[Versions] Versioning the DAG to remove the need for premature round advancement
I gave some thought to the problem of advancing rounds with zero-blocks. A potential solution is to decouple batch certification from the DAG. Instead, a primary can chose to either advance a round or "version" the round. Versioning means that the primary sends a new block for the same round Block(R.version_number) which extends the previous block. If it gets certified it can be proposed upstream
When the primary advances their round they make sure to use as a parent their last version block of the previous round in order to make sure the DAG does not have many dangling blocks.
Potential benefits of this proposal is that:
- No empty blocks are made in order to help the liveness of transactions
- No empty blocks made means that the primary no longer races with the workers for the NIC since rounds do not advance unless the worker has sent at least one batch out.
- Backpressure becomes less complex as advancing a dag-round is merely a local decision
So it means that if a primary is ready to advance round (ie. it has 2f+1 certificates from the previous round) but has no payload to propose, it can instead propose a new version of the current round (rather than advancing round)?
The exact opposite.
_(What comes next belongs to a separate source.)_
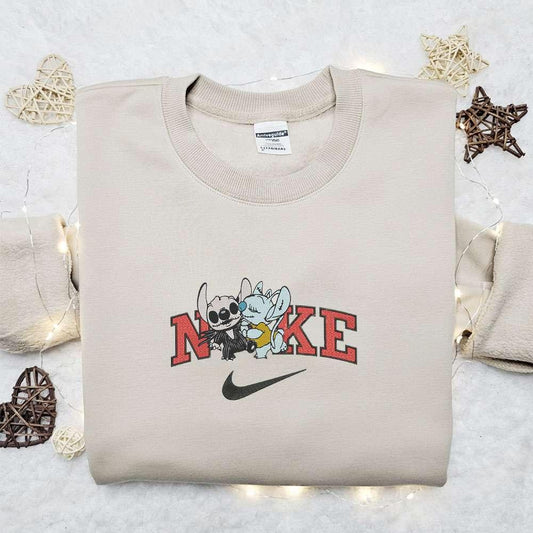 Stitch Jack and Angel Sally x Nike Halloween Embroidered Sweatshirt Horror Movie Halloween Embroidered Shirt Best Halloween Gift Ideas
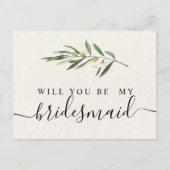 Eenvoudige Waterverf Olive Green Branch Uitnodiging Briefkaart (Voorkant)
When a node has transactions to propose but not enough parents, they propose a new version of this round.
Got it. So this prevents us from having a potentially always-growing backlog of batch digests on the primary of popular nodes. Popular nodes are nodes that always have abundant client's transactions and thus always produce non-empty batches.
Did I get it correctly? If so, aren't we getting the properties you mentioned at the cost of increasing latency (which may be a fine tradeoff)?
We can still put a max_delay to get empty blocks, but this is mostly useful for Narwhal as a mempool otherwise we also slow down coinflips. To answer your question, yes this could increase latency if the load is so imbalanced that >f nodes do not have any transactions for a long time.
Got it. Indeed I see the direct benefit for Narwhal as mempool. For Bullshark/Tusk it is more delicate indeed (but once in the codebase, it may as well be used).
There is already a timer for that. We currently only produce empty-headers if we receive (i) a quorum of parent certificates, and (ii) the timer triggers. This timer is configurable through the system's parameters.